Lukasz Kaiser

About Lukasz Kaiser

Lukasz Kaiser is a deep learning researcher at OpenAI and one of the eight co-authors of the landmark 2017 paper "Attention Is All You Need" that introduced the Transformer architecture. What makes Kaiser unique among the "Transformer Eight" is his choice: while seven of his co-authors left to found AI startups (including Cohere, Adept, and Character.AI), Kaiser remained an engineer, eventually joining OpenAI in 2021.

At OpenAI, Kaiser has been at the center of the company's most important breakthroughs. He served as the long-context lead for GPT-4 and led the research team that developed the O1 reasoning models—what he calls "a new paradigm" fundamentally different from pure transformer scaling. His X/Twitter announcement when O1 launched captured this significance: "I'm so happy to see o1 launch! Leading this research with my colleagues for almost 3 years and working on related ideas even longer convinced me: it's a new paradigm."

Before his AI career, Kaiser was a tenured researcher at University Paris Diderot specializing in logic and automata theory. He received his PhD from RWTH Aachen University and his MSc from the University of Wroclaw, Poland. This formal methods background may explain his focus on reasoning and verification in AI systems.

Career Highlights

OpenAI (2021-present): Research Scientist, led O1/O3 reasoning model development, GPT-4 long-context lead
Google Brain (2014-2021): Staff Research Scientist, co-authored Transformer paper
University Paris Diderot: Tenured researcher in logic and automata theory
Co-authored: "Attention Is All You Need" (2017), TensorFlow system, Tensor2Tensor and Trax libraries

Notable Positions

On the Reasoning Paradigm

Kaiser draws a sharp distinction between two AI paradigms. The original transformer scaling paradigm—"just predict the next word and train a bigger and bigger model on more and more data"—has plateaued due to data constraints. But the reasoning paradigm is fundamentally different:

"Reasoning models learn from another order of magnitude less data. This paradigm is so young that it's only on this very steep path up... We've scaled it up a little bit but there could be way more."

On Staying an Engineer

Unlike his Transformer co-authors who became founders, Kaiser chose to remain hands-on:

"Welcome the... authors of the paper that says attention is all you need. Ladies and gentlemen, the only person who is still an engineer—Lukasz."

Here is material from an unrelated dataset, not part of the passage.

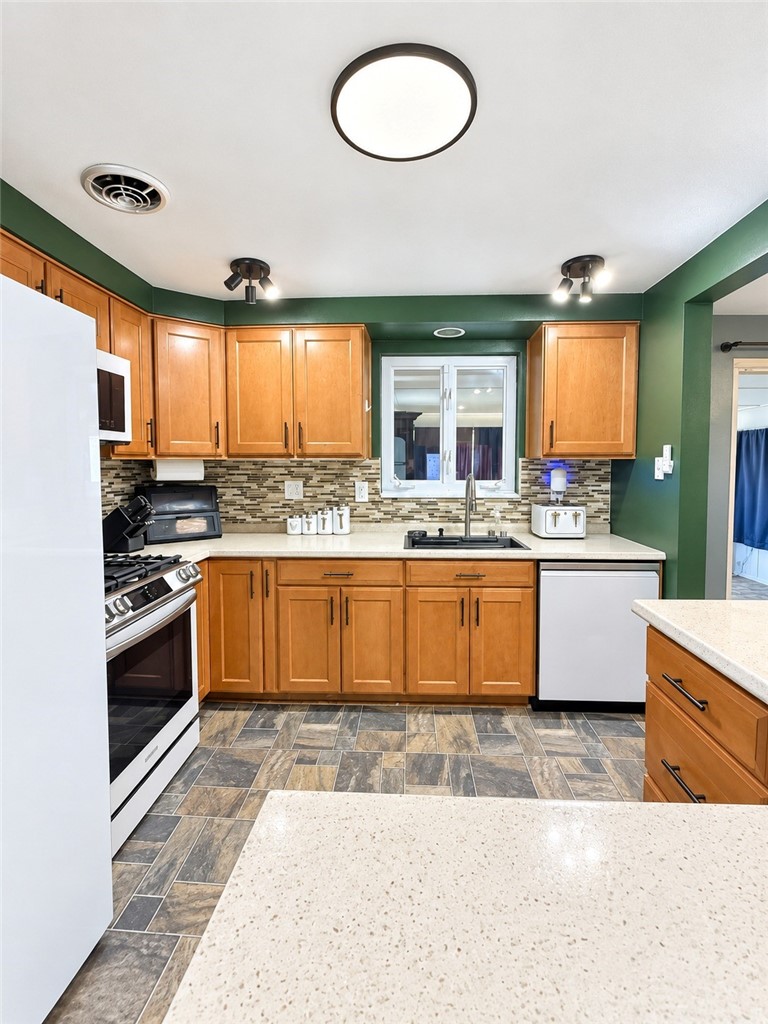 270 Castle Dr — photo 4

This choice has put him at the center of OpenAI's most consequential work, from GPT-4 to reasoning models.

On the AGI Timeline

Kaiser dislikes the term "AGI" but emphasizes the practical reality: AI can now work for hours on useful tasks, not just answer in seconds. For computer-based tasks—clicking, writing, programming—automation is "coming fast," while physical-world robotics remains in its infancy.

Key Quotes

"There is the new paradigm which is reasoning and that one is only starting. This paradigm is so young that it's only on this very steep path up." (on reasoning models)
"I don't think there is any winter in this sense coming. If anything, it may actually have a very sharp improvement in the next year or two—which is something to almost be a little scared of." (on AI progress)
"That's the ultimate bottleneck—GPUs and energy." (on constraints)
"It's a new paradigm. Models that train hidden CoTs are more powerful than raw Transformers, learn from less data, generalize better." (on O1 launch)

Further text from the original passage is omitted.